The image of children in the Museum changed as attitudes toward them changed in society. While children were regarded as beings to be urged into adulthood as soon as was plausible, the heroes presented in the Museum were white males older than the readers, living enviable, active lives in the broad world. As perceptions changed, and the child was valued more for itself than for what it would become, the heroes of the pieces were, for the most part children themselves, struggling with the duties and responsibilities of life and providing inspiration for those around them. The child's innocence and sweetness was emphasized; the epistolary lectures of Robert Merry, traveling through Venice, are upstaged by a precious letter written by his six-year-old niece ["Uncle Robert's Letters," 55 (March 1868): 108-111]. Children inspire adults to spiritual purity in works like "Mike Smiley" and "Little Jamie". The child's circle of influence and action were narrower now than formerly -- not just in life, but in the Museum as well. "Precocity" in social matters and matters of fashion were frowned upon in the real child and in the fictional child of Alcott's "An Old-Fashioned Girl," serialized in 1869. It was, perhaps, with an eye to squelching "precocity" that the editorial decision was made in 1868 to stop printing letters and pieces sent in by the Museum's readers; but, this decision also points up the widening split between what children could do and what was considered important in adult society that prevailed at the time (Heininger in Century, 21). Safe and protected at home, real-life children were to be content to stay there, according to adults: Robert Merry's last essay in the "Chat" urges boys not to emulate the adventures of Dr. Livingstone [62 (Nov 1872): 240]; and the perils of running away are detailed -- and subtly mocked -- in Charles Barnard's "The Voyage of the Salt Mackerel," in 1872.

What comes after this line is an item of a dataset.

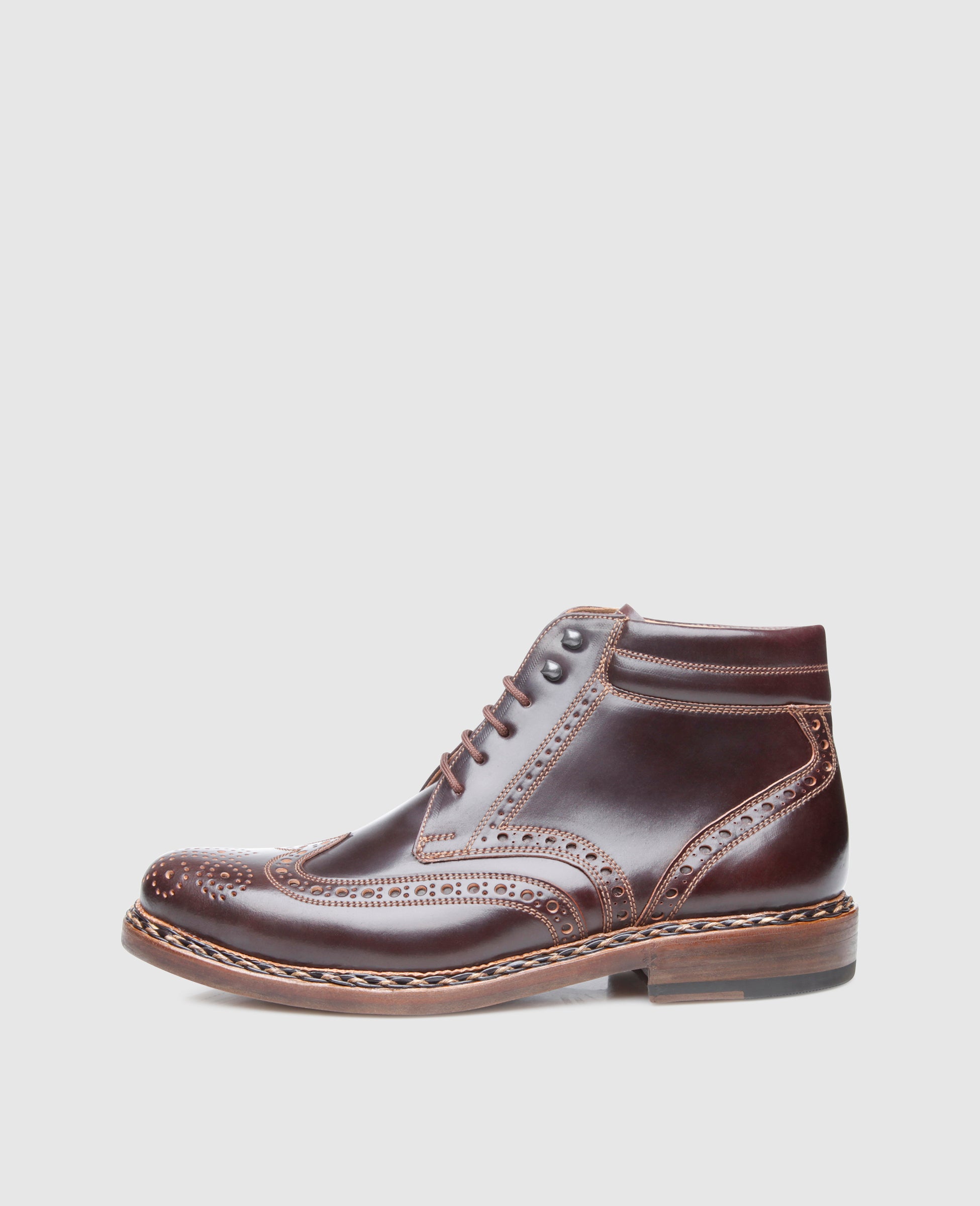 Luxurious men's lace-up boot made of shell cordovan – Heinrich Dinkelacker  COM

Goodrich could not have known that his creation would outlive him when he invented Robert Merry in 1841; and he might not have recognized the magazine he founded when it was absorbed by the Companion in 1872. But, in change, perhaps, lay the key to the Museum's success. Outlasting most of the other antebellum periodicals, the Museum reached what -- for a children's periodical -- is a ripe, old age not just because it inspired fierce loyalties from its readers, but because it was able to incorporate new attitudes and ideas into its pages. Its history is not just the history of a periodical, but the history of its times.